Just what makes the holidays so stressful?
For some, it might mean simply too much to do and too little time. For many teens, says Charlotte Markey, it might mean trying to get it all on camera – with a picture-perfect smile.
“For many young people, the holidays mean the added pressures of thinking about how they should look and behave in their social media posts,” explains the Rutgers University–Camden researcher.
According to the psychology expert, many teens experience what is called “appearance-related social media consciousness,” a phenomenon that could ramp up during the holiday season.
“They are living for what they will post later, as opposed to posting what they have already lived,” explains the Swarthmore, Pa. resident.
Markey, whose research examines issues related to developmental and health psychology, notes that study after study is increasingly showing the negative impact of social media on cultivating positive body images and eating behaviors.

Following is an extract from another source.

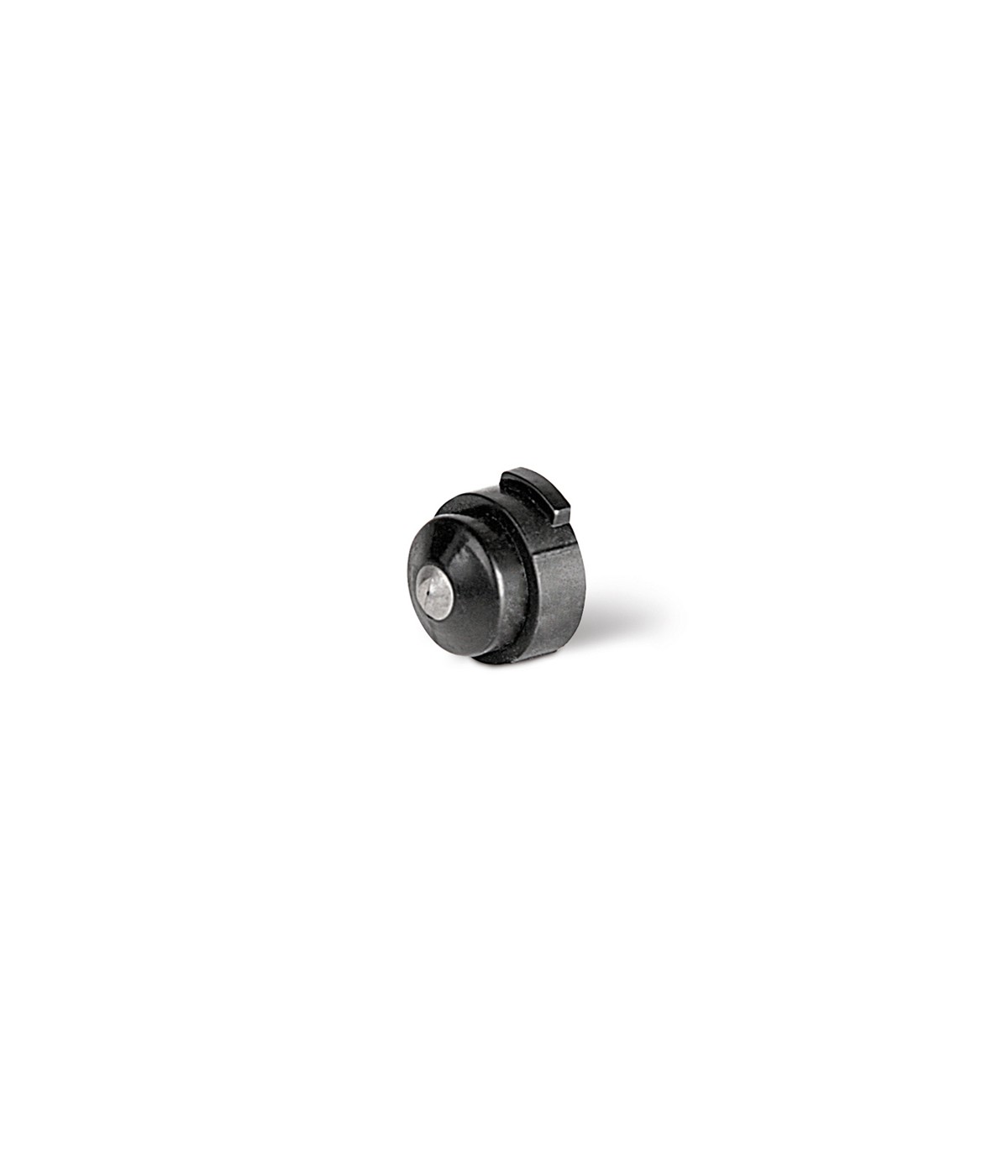 AEF614 - AEF SPRAY TIP (PRE-ORIFICE) 614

“This is especially true for girls, who spend more time on social media than their male counterparts,” says Markey, who is currently conducting a study in her lab that analyzes these negative effects among girls as they start puberty and gain access to social media.

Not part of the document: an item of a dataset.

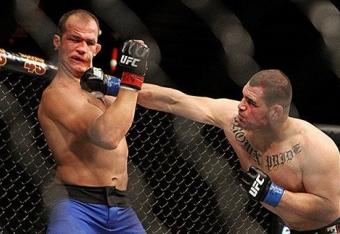 Mma-ufc155-jpg_053742_crop_north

Naturally then, explains Markey, teens’ self-consciousness to look and behave in a socially acceptable way is more pronounced around the holidays, when there is a greater emphasis on taking and sharing pictures. The holidays, she notes, also mean more downtime from school and other scheduled activities, making it more likely that teens are on their devices and that social media is their primary means of interacting.
“Whether they are opening gifts, doing fun things, or meeting up with friends and family, taking and posting pictures is what everyone does,” says Markey. “But with that comes a heightened awareness of how they are being viewed and the added pressures to present themselves favorably.”
But now the good news, adds the Rutgers–Camden researcher: There are several steps that can be taken to help teens deal with these stresses. She encourages parents and educators to remember the acronym FACE when discussing these issues with them.
First off, she says, teens should “Filter” what they do on social media, getting rid of influences from their online interactions that are harmful or distressing.
“For instance, it’s a good thing for parents to talk to their kids about who they are following and why,” says Markey. “For adults, this tip might seem basic. But for young people, who are impressionable and trying to figure out who they are, it might not seem so obvious. If they are following someone who makes them feel inadequate, then they should stop.”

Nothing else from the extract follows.